▶ Problem details
The line with "Porta Pranzo Bento", the line with "Quần thể thao", and all lines between them in the material below: return these exactly, and no others.

▶ Supplied data
|---|

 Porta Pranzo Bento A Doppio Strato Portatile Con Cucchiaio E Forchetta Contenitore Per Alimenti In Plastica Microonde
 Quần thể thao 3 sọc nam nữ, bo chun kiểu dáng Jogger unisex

|---|

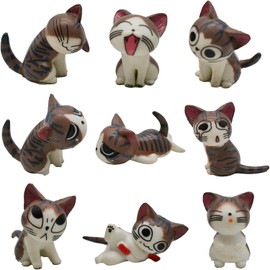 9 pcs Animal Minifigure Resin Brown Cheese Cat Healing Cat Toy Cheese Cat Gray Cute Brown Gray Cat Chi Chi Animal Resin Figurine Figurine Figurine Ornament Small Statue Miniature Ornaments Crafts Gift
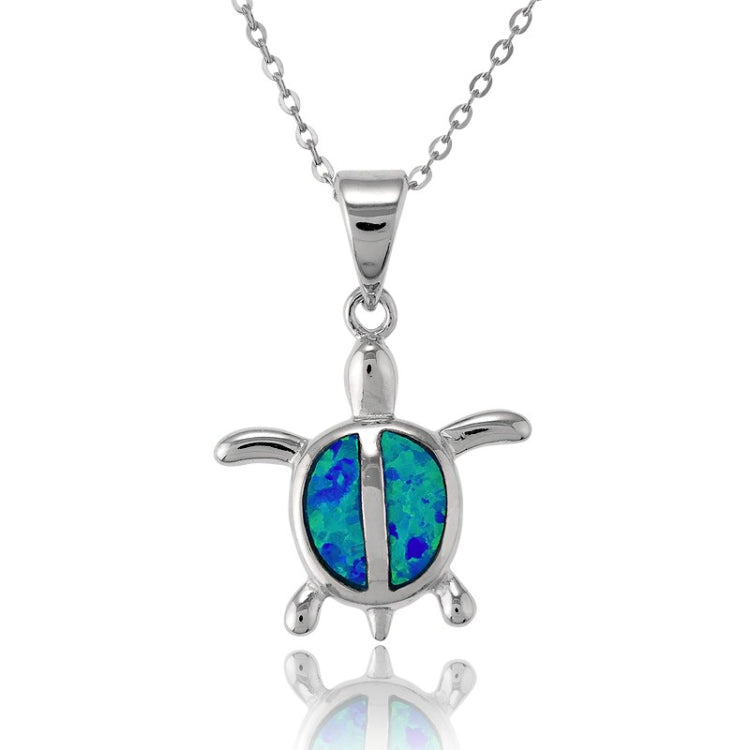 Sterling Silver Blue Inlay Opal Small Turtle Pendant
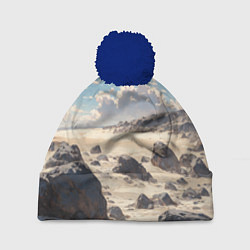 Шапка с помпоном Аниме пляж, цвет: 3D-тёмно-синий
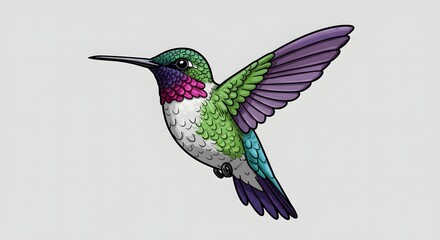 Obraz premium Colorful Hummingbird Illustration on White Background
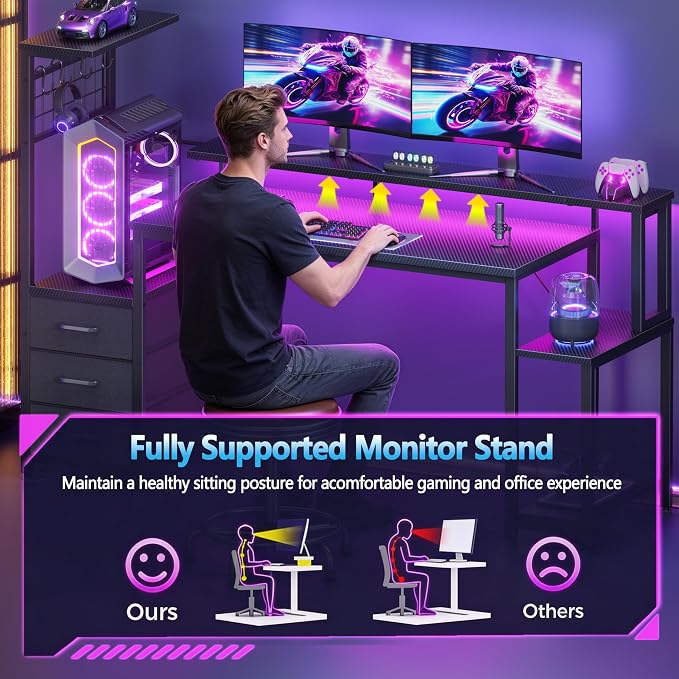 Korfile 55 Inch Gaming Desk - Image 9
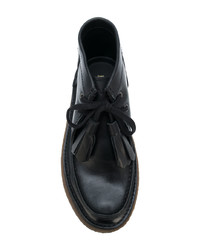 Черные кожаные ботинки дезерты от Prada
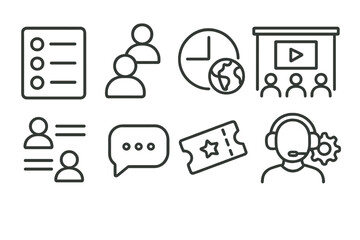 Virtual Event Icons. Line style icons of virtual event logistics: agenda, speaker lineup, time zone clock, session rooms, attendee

|---|

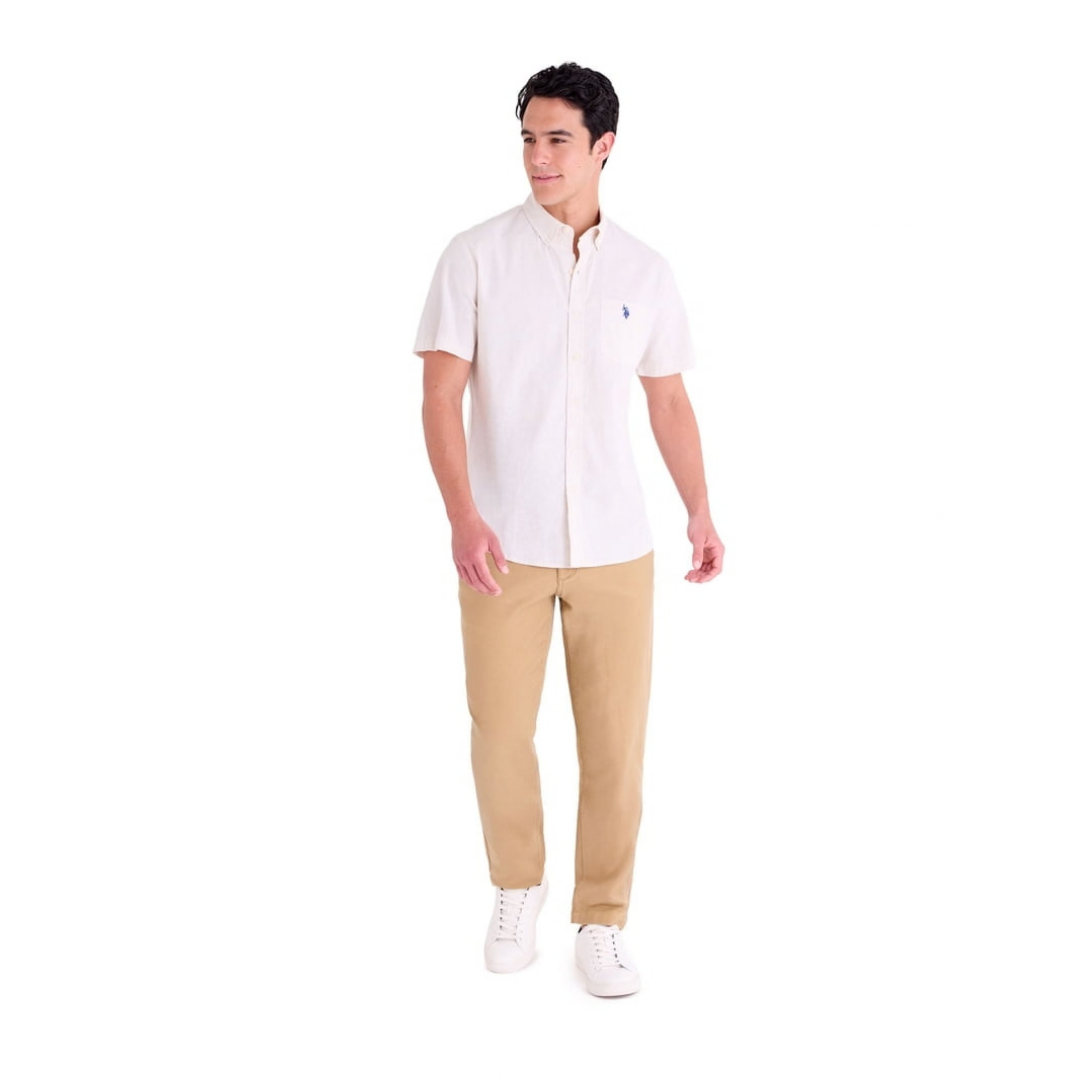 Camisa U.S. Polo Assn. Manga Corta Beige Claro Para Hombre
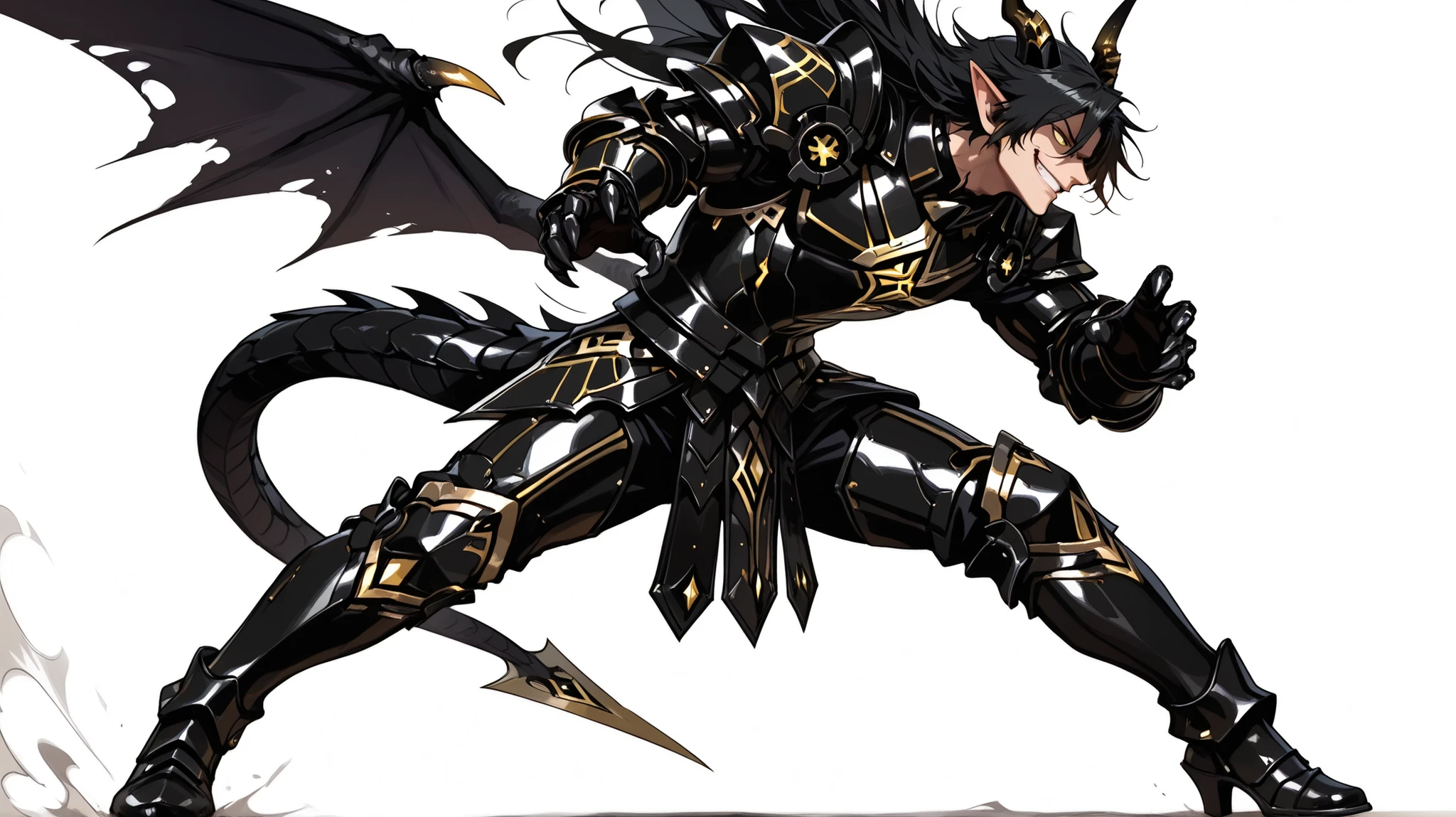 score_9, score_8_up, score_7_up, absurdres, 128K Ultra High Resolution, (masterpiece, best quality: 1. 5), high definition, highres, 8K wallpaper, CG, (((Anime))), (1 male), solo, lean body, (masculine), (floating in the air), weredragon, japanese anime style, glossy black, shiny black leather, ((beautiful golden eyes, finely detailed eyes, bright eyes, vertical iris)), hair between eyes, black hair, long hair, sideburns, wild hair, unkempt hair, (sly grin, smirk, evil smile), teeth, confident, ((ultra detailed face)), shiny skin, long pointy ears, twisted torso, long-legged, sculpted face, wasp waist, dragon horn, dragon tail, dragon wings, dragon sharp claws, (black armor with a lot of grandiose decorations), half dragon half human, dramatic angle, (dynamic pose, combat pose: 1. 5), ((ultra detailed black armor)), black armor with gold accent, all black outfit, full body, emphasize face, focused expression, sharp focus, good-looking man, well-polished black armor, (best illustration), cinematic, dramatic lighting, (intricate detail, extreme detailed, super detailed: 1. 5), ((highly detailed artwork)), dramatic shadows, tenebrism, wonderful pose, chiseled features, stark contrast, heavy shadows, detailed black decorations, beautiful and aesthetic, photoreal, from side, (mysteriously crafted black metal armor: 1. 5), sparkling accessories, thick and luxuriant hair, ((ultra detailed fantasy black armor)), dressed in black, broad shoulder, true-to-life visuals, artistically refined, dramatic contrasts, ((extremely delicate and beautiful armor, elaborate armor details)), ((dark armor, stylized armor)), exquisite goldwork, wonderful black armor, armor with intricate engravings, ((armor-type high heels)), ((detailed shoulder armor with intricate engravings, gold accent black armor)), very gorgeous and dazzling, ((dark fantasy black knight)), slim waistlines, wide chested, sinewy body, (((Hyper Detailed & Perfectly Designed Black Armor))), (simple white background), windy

|---|

▶ Response to this exercise
 Porta Pranzo Bento A Doppio Strato Portatile Con Cucchiaio E Forchetta Contenitore Per Alimenti In Plastica Microonde
 Quần thể thao 3 sọc nam nữ, bo chun kiểu dáng Jogger unisex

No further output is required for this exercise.